WORK INSTRUCTIONS:
Would you reproduce all of the entries exactly?

EXCERPTED RECORDS:
----
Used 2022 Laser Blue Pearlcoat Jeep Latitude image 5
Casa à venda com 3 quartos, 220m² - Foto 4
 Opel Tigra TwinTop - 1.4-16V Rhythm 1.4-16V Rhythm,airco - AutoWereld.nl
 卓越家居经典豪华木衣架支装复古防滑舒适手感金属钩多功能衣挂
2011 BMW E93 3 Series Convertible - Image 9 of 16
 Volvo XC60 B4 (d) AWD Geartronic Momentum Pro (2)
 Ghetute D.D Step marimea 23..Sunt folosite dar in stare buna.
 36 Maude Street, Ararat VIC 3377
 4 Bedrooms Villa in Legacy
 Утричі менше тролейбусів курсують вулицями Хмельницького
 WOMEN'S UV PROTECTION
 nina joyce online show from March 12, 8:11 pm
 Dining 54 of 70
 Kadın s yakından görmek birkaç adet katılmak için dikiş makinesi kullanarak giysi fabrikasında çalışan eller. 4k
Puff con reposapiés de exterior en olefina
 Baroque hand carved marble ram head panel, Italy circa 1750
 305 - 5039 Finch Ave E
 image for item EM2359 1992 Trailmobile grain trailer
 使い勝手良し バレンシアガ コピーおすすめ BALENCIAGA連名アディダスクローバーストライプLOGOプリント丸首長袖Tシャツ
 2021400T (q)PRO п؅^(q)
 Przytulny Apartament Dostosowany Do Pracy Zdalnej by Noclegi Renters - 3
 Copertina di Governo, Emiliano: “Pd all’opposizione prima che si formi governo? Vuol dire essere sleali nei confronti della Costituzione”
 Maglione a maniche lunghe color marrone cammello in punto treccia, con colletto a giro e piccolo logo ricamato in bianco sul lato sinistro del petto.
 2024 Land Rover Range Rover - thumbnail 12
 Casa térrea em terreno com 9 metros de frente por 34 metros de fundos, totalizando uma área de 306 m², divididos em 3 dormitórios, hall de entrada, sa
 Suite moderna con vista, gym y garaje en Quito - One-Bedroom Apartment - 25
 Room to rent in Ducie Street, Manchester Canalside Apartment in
----
TASK RESPONSE:
Used 2022 Laser Blue Pearlcoat Jeep Latitude image 5
Casa à venda com 3 quartos, 220m² - Foto 4
 Opel Tigra TwinTop - 1.4-16V Rhythm 1.4-16V Rhythm,airco - AutoWereld.nl
 卓越家居经典豪华木衣架支装复古防滑舒适手感金属钩多功能衣挂
2011 BMW E93 3 Series Convertible - Image 9 of 16
 Volvo XC60 B4 (d) AWD Geartronic Momentum Pro (2)
 Ghetute D.D Step marimea 23..Sunt folosite dar in stare buna.
 36 Maude Street, Ararat VIC 3377
 4 Bedrooms Villa in Legacy
 Утричі менше тролейбусів курсують вулицями Хмельницького
 WOMEN'S UV PROTECTION
 nina joyce online show from March 12, 8:11 pm
 Dining 54 of 70
 Kadın s yakından görmek birkaç adet katılmak için dikiş makinesi kullanarak giysi fabrikasında çalışan eller. 4k
Puff con reposapiés de exterior en olefina
 Baroque hand carved marble ram head panel, Italy circa 1750
 305 - 5039 Finch Ave E
 image for item EM2359 1992 Trailmobile grain trailer
 使い勝手良し バレンシアガ コピーおすすめ BALENCIAGA連名アディダスクローバーストライプLOGOプリント丸首長袖Tシャツ
 2021400T (q)PRO п؅^(q)
 Przytulny Apartament Dostosowany Do Pracy Zdalnej by Noclegi Renters - 3
 Copertina di Governo, Emiliano: “Pd all’opposizione prima che si formi governo? Vuol dire essere sleali nei confronti della Costituzione”
 Maglione a maniche lunghe color marrone cammello in punto treccia, con colletto a giro e piccolo logo ricamato in bianco sul lato sinistro del petto.
 2024 Land Rover Range Rover - thumbnail 12
 Casa térrea em terreno com 9 metros de frente por 34 metros de fundos, totalizando uma área de 306 m², divididos em 3 dormitórios, hall de entrada, sa
 Suite moderna con vista, gym y garaje en Quito - One-Bedroom Apartment - 25
 Room to rent in Ducie Street, Manchester Canalside Apartment in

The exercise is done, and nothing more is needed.